### PROBLEM STATEMENT
Your answer should be an exact copy of the lines from the one holding "Black tailed godwit" to the end of the material below, pictures left out.

PROVIDED MATERIAL below:

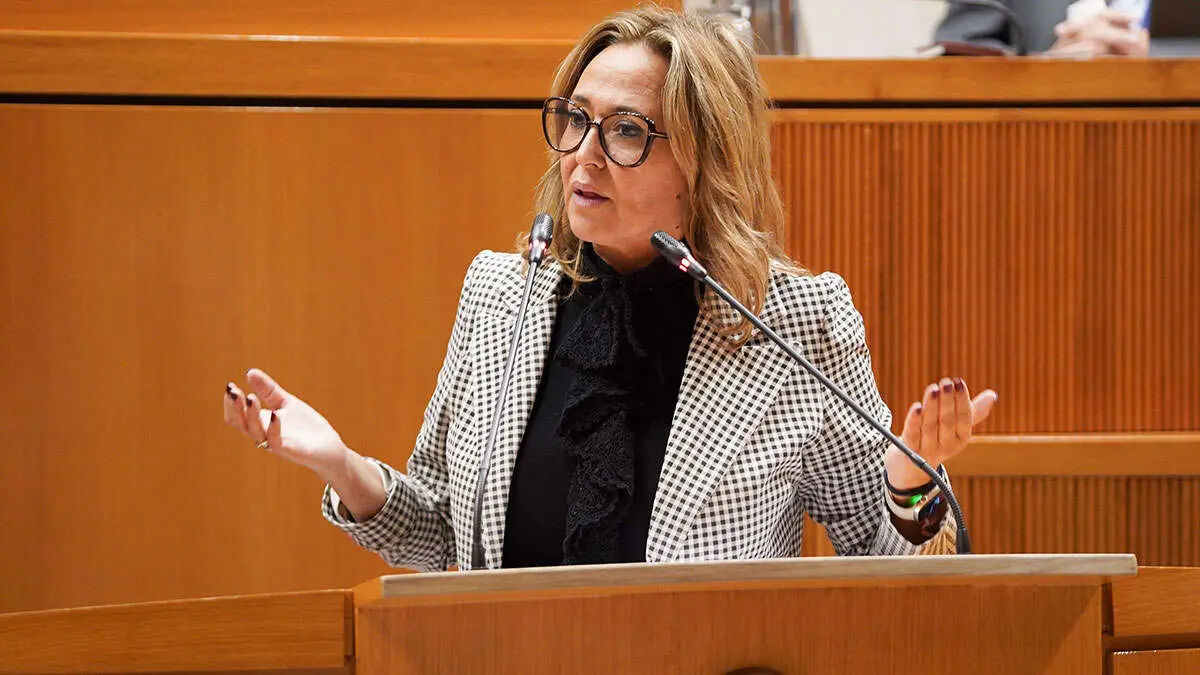 La portavoz socialista Mayte P&eacute;rez. Foto: Cortes de Arag&oacute;n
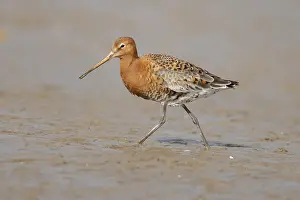 Black tailed godwit (Limosa limosa) adult male wading bird in summer plumage on a coastal mudflat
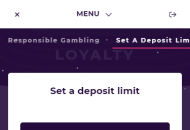Slotplanet Responsible Gambling Settings Mobile Device View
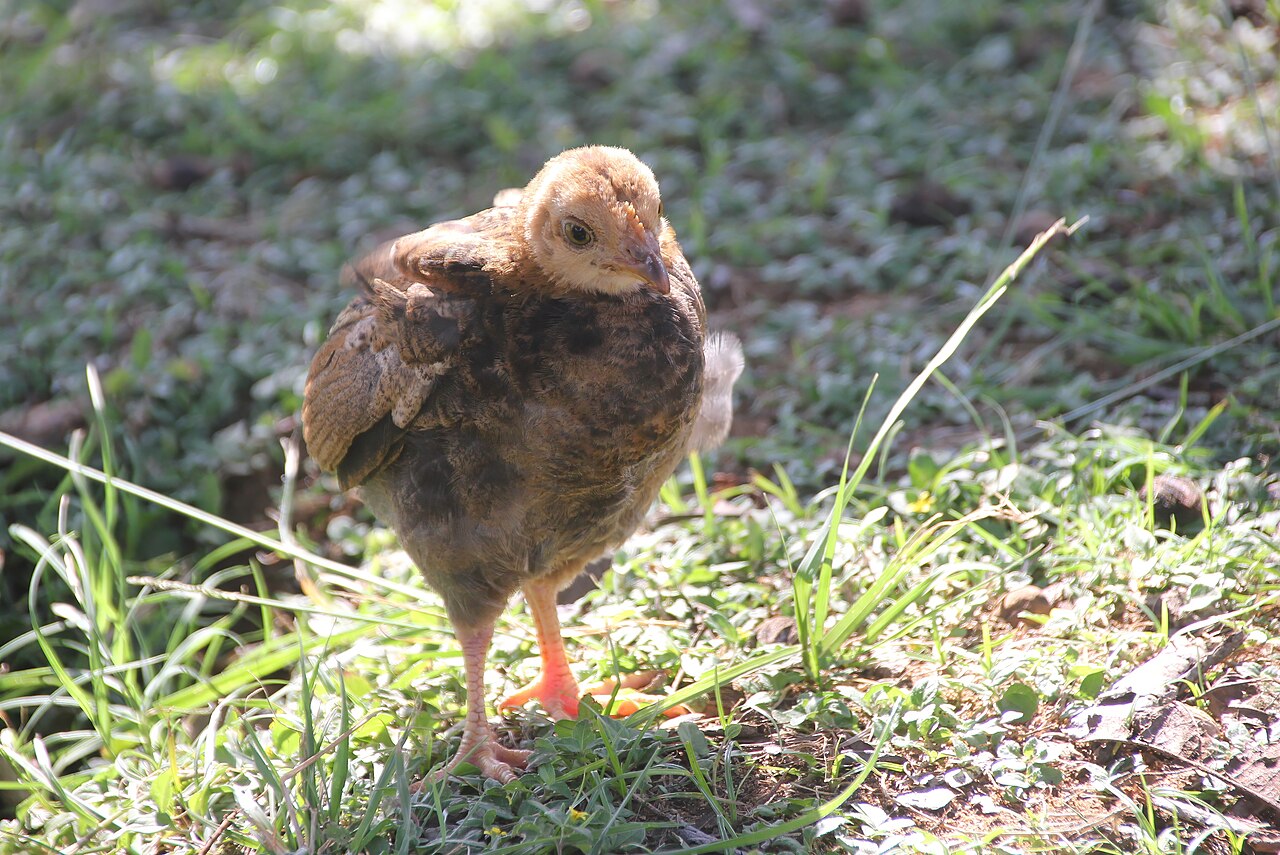 Kauai Feral Chick 6135r, illustrative activity photo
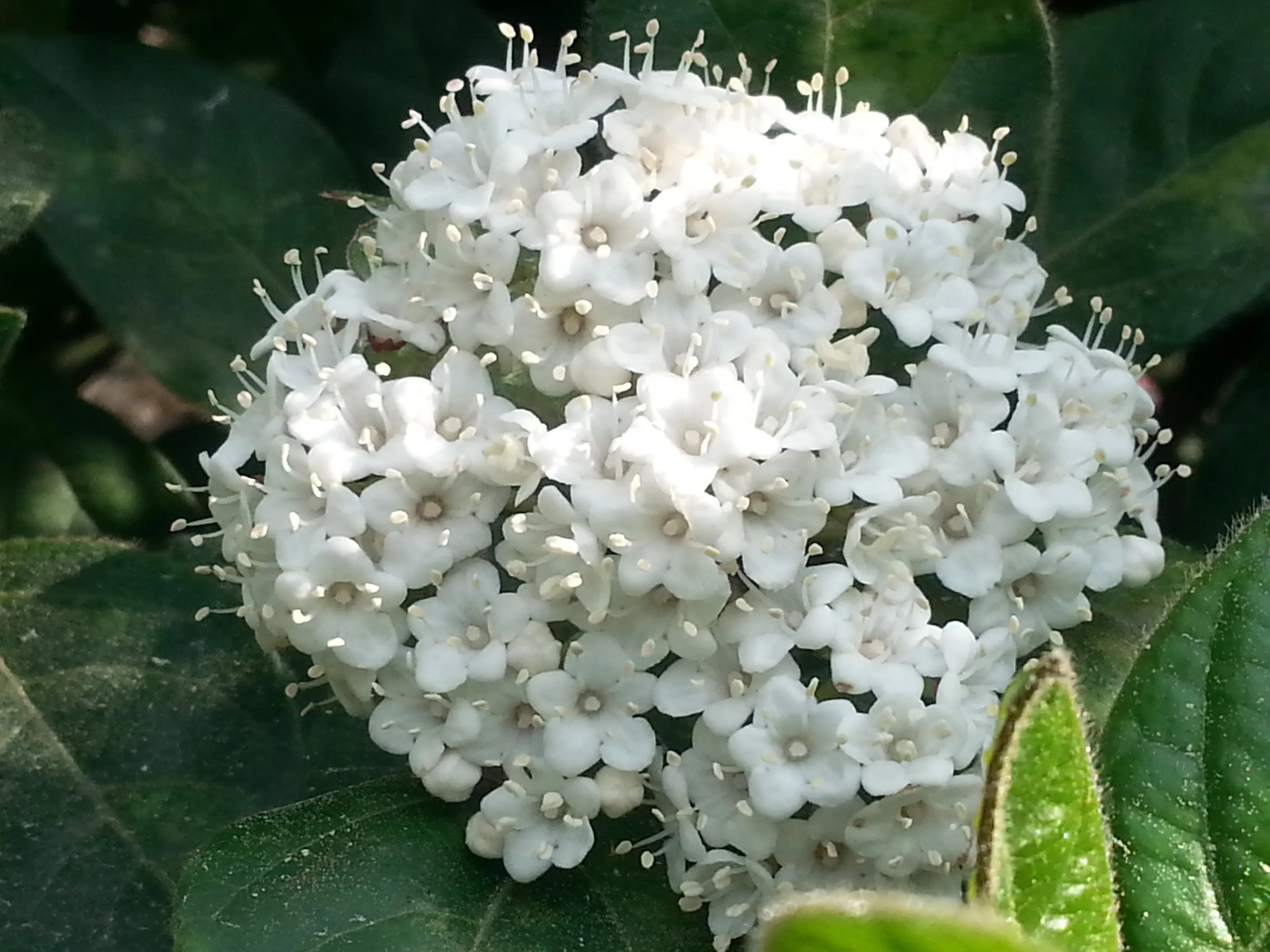 bloom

End of PROVIDED MATERIAL.

### ANSWER FOR THIS EXERCISE
 Black tailed godwit (Limosa limosa) adult male wading bird in summer plumage on a coastal mudflat
Slotplanet Responsible Gambling Settings Mobile Device View
 Kauai Feral Chick 6135r, illustrative activity photo
 bloom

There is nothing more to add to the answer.